Not all of the people who testified blamed clergy.

Sarah Klein came from Pennsylvania to talk about more than a decade of abuse by Larry Nassar, when she was a child gymnast in Lansing, Michigan, and he — not yet a doctor — was a volunteer athletic trainer in her gym. What began as a massage “quickly moved into penetration ... under the guise of medical treatment,″ said Klein, one of 300-plus “Nassar survivors″ who shared in a $500-million settlement with Michigan State University after the victims of time-barred complaints were given a 90-day window to sue.

Keith Smith came from New York City, where he now lives, to testify about his abduction by a stranger who lured him into his car and then raped and beat him in the woods off Sherman Avenue in his hometown of Lincoln when he was a 14-year-old boy walking home from hockey practice. He said a newspaper headline told him the man was found beaten to death in downtown Providence in 1975.

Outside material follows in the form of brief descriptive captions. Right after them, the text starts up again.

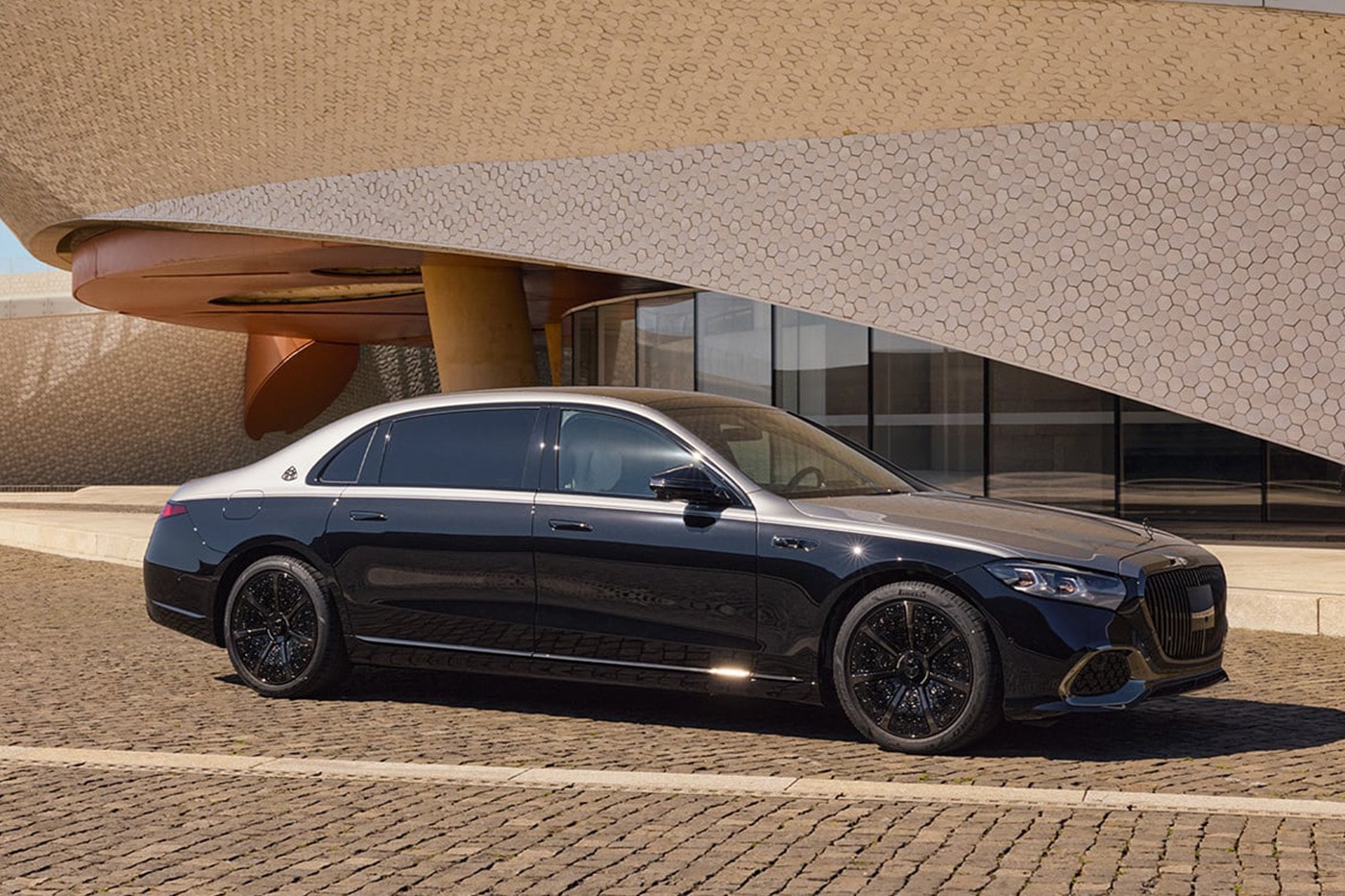 2027 Mercedes-Maybach S-Class luxury sedan with illuminated grille and MBUX Superscreen interior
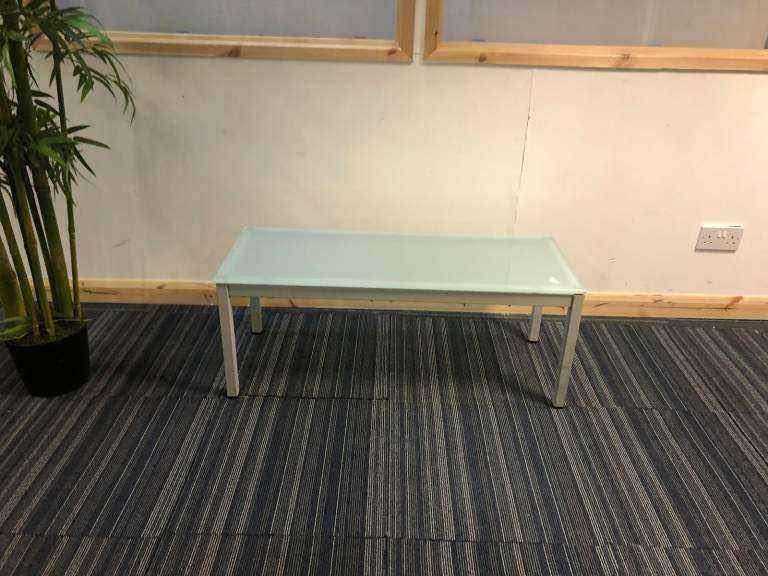 Blue hued glass rectangle office reception waiting breakout area coffee table W=98cm D=38cm H=40cm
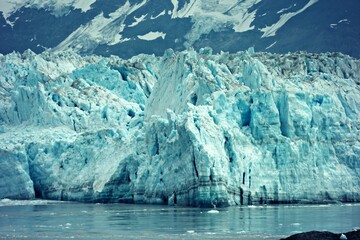 Detailed calving glacier in front of mountain landscape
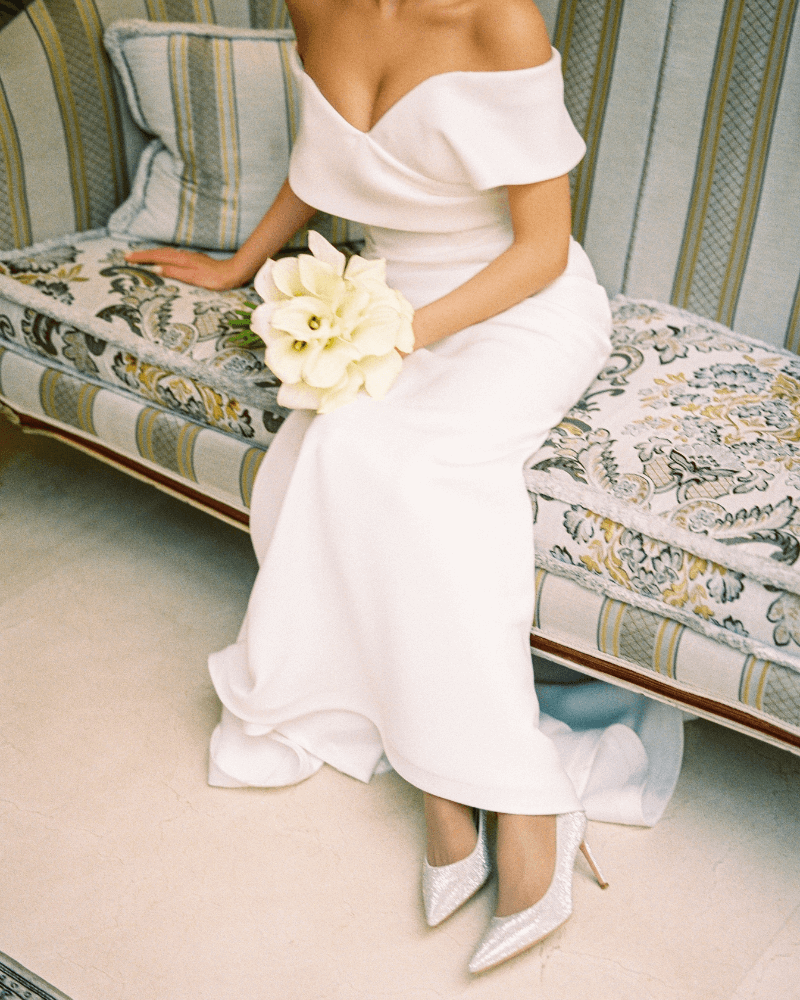 Une mariée assise sur un canapé, portant une longue robe sirène et des chaussures à bout pointues fermées de couleur blanche.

“This bill is not anti-Catholic,″ Smith told the lawmakers. “While [it] will hold priests accountable for the crimes they’ve committed against children, and the church accountable for the cover-up of those crimes, this bill holds accountable every criminal who has or will abuse kids regardless of who they are or where they work.”

A number of speakers nonetheless vented their anger at the Rev. Bernard Healey, the priest-lobbyist for the Roman Catholic Diocese of Providence, who they blamed for undermining passage of an earlier version of McEntee’s bill on the last day of last year’s legislative session. While some speakers denounced Healey’s absence from Tuesday night’s hearing, victims’ lawyer Tim Conlon said of the church: “They have no moral authority and, frankly, no business weighing in on how it is that our society should deal with child predators.”

“Do I expect them to like what it is that you are considering? No, I do not,″ Conlon said. “I expect every institution that harbors and protects child predators not to like what you are considering doing.”

The Roman Catholic Diocese of Providence laid out its case for a massive rewrite of the legislation in a 15-page filing with the committee.

In its testimony, the arm of the church known as the Rhode Island Catholic Conference acknowledged “our past failures to protect young people,″ but also cited “serious flaws” in extending the statute of limitation to the point where an adult reaches 53 years of age — the proposed 35-year statute of limitation after reaching the age of majority at 18 — without any liability limit.

Among the “serious flaws,″ according to the group:

The legislation makes no distinction between “actual perpetrators” who committed intentional acts against the victims and the “non-perpetrators who are alleged to have committed unintentional negligence.”

It provides an “unconstitutional” three-year look-back period for the filing of claims, barred now by the current seven-year statute of limitations, allegedly at odds with how the diocese reads a 1996 Rhode Island Supreme Court opinion.

As such: “The bill is not targeted at abusers or abuse but at expanding opportunities to file monetary lawsuits against a limited set of third parties who may have served as employers or for whom an assailant may have volunteered.”

The group argues: While Massachusetts “provides victims an extended limitations period to bring claims, many defendants — like private schools, religious institutions and non-profit community organizations like the YMCA or Boy Scouts — have limited liability.... Massachusetts law provides for a $20,000 limitation on tort liability for non-profit organizations.”

“There is [also] inherent unfairness and risk of error in asking a jury in 2019 to decide whether actions taken in 1957 or 1967 reflected a lack of due care.... The understanding of child abuse in the mid-1960s was not remotely comparable to the understanding of the problem today.”

While the advocates for the legislation say “the bill is needed to ‘punish perpetrators’ of abuse,″ the diocesan group argues, that opportunity already exists since “Rhode Island has no criminal statutes of limitations for first- and second-degree child molestation.”

This “bill is focused on expanding opportunities to file monetary suits against non-perpetrators.”